◆ **TASK STATEMENT**: What you write must be the lines from the one holding "Plastic Flower Pot" through the final line of the records below, reproduced exactly, minus the pictures.

*** Opening SUPPLIED RECORDS ***

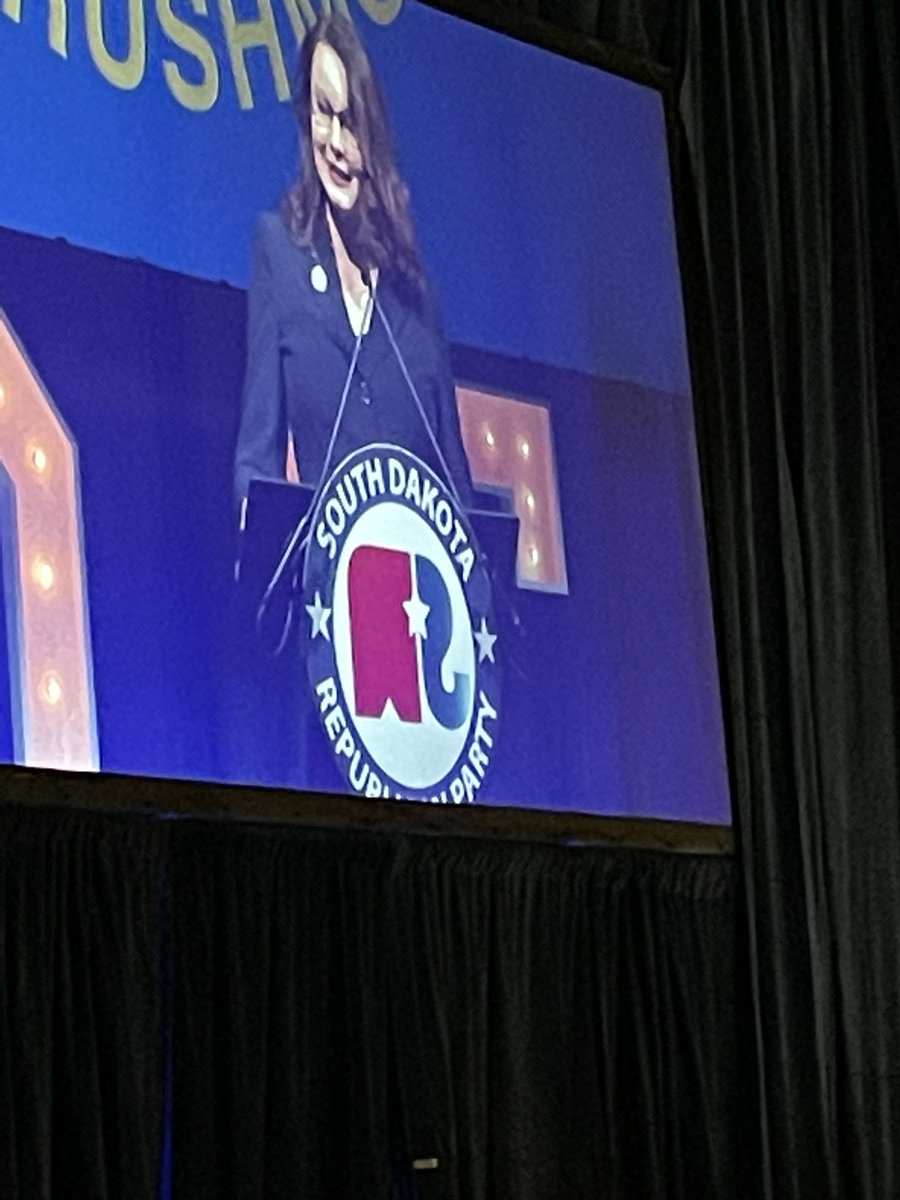 Monae4SDSOS's tweet photo. What a grand finale to the end of my one year campaign for South Dakota Secretary of State! Last night’s Rally in Rapid City was so much fun. Thanks to everyone who has helped me at parades, fairs, meet and greets, prayers, hugs and financial support! https://t.co/Lg4lrjNN7x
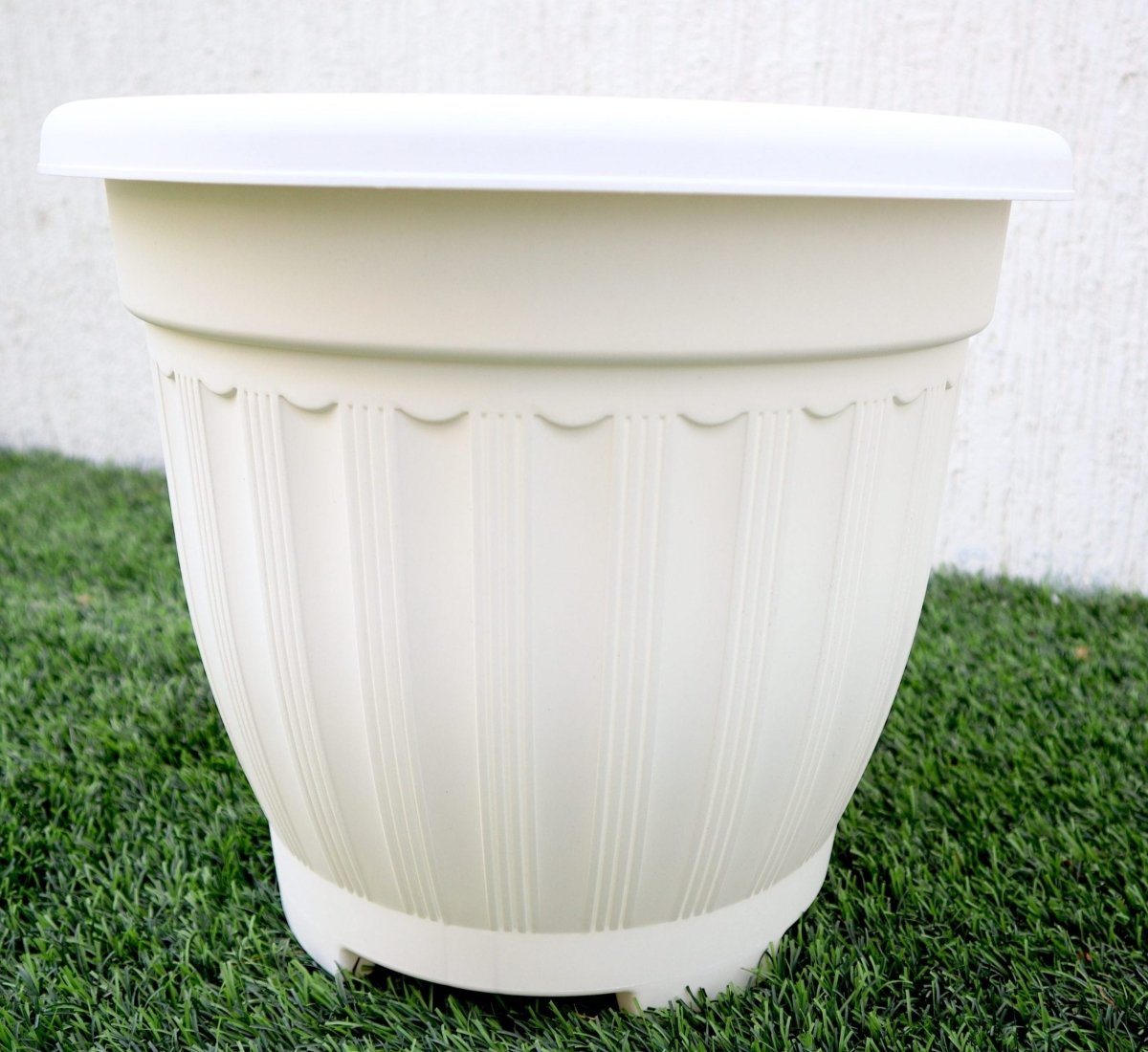 Plastic Flower Pot | Outdoor Round Plastic Planter - Greensouq -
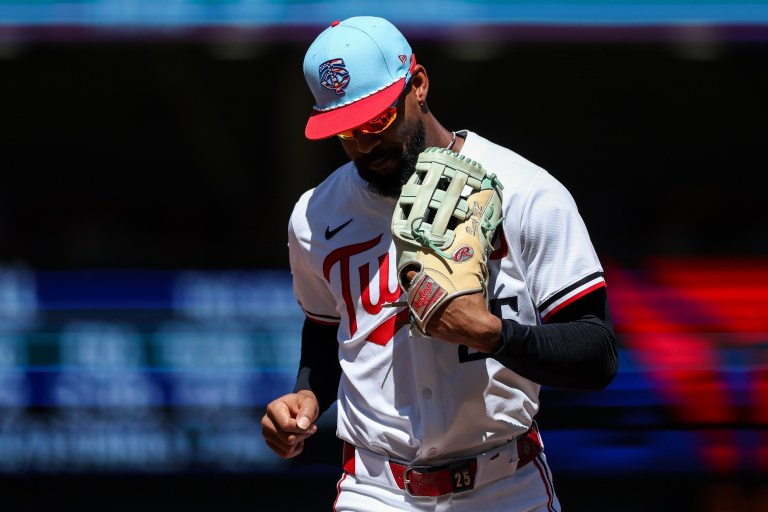 What happened to Byron Buxton? Live injury updates for Twins vs. Cubs 7/9/25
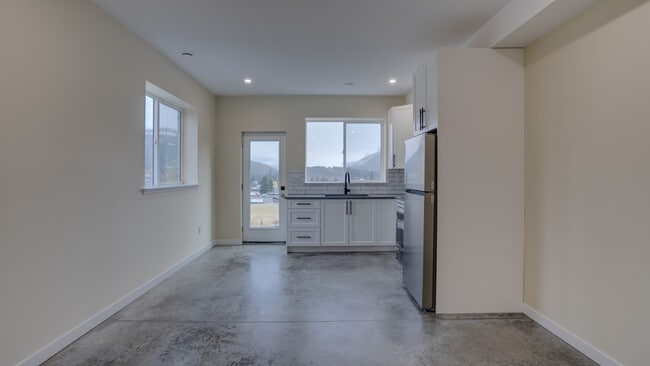 Photo - 114 Birch Crescent Unité 2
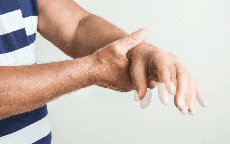 Cách làm chậm tiến triển bệnh Parkinson không dùng thuốc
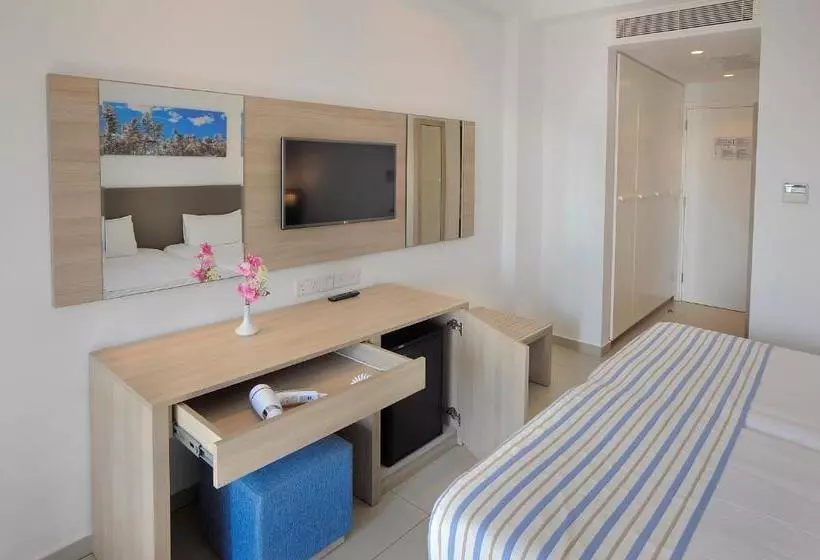 Fotos del hotel Nissiana Hotel & Bungalows:  9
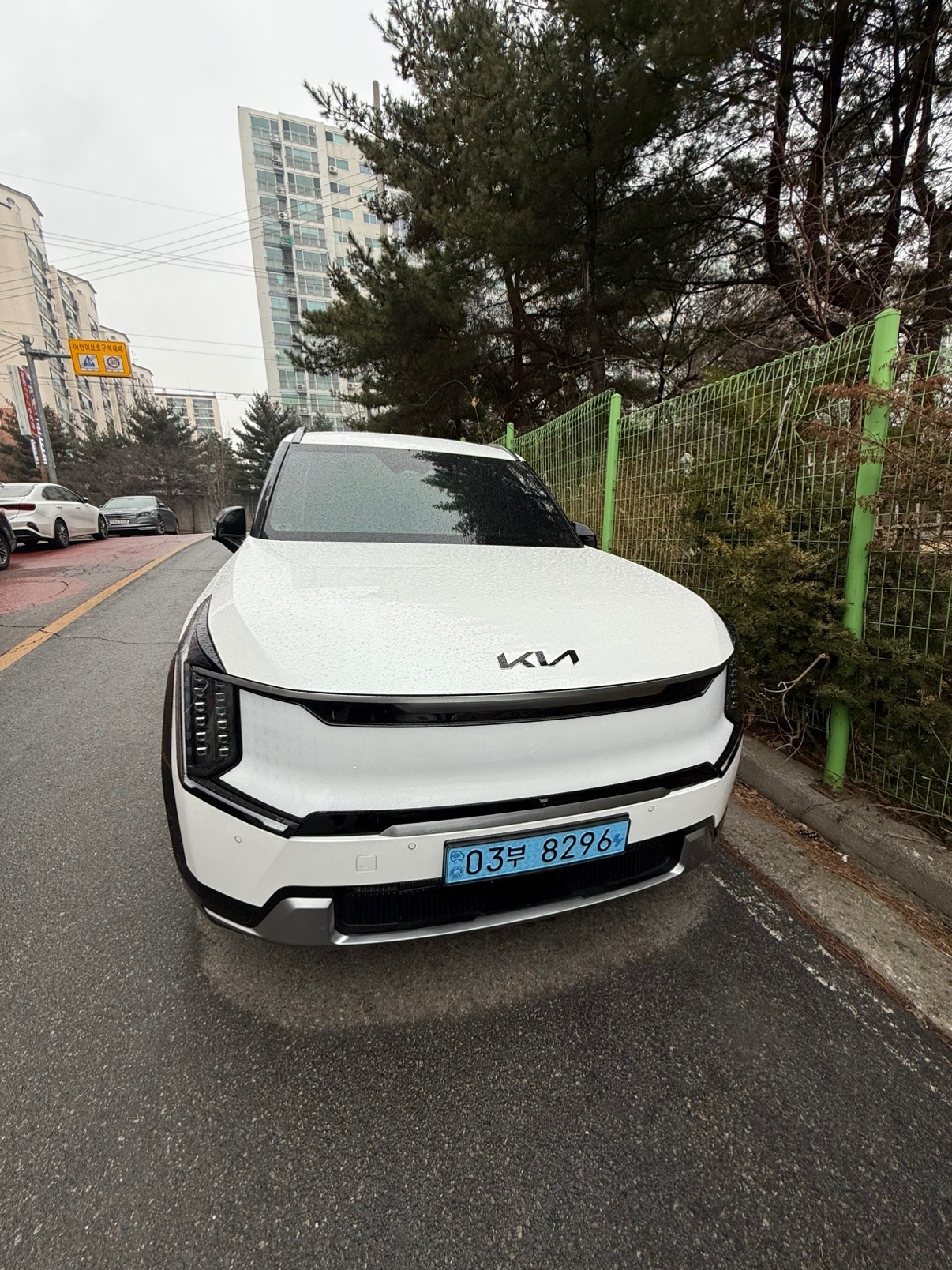 EV9 MV1 BEV(99.8kWh) 4WD 어스(7인승) 매물 썸네일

*** Closing SUPPLIED RECORDS ***

◆ **SOLUTION**:
 Plastic Flower Pot | Outdoor Round Plastic Planter - Greensouq -
 What happened to Byron Buxton? Live injury updates for Twins vs. Cubs 7/9/25
 Photo - 114 Birch Crescent Unité 2
 Cách làm chậm tiến triển bệnh Parkinson không dùng thuốc
 Fotos del hotel Nissiana Hotel & Bungalows:  9
 EV9 MV1 BEV(99.8kWh) 4WD 어스(7인승) 매물 썸네일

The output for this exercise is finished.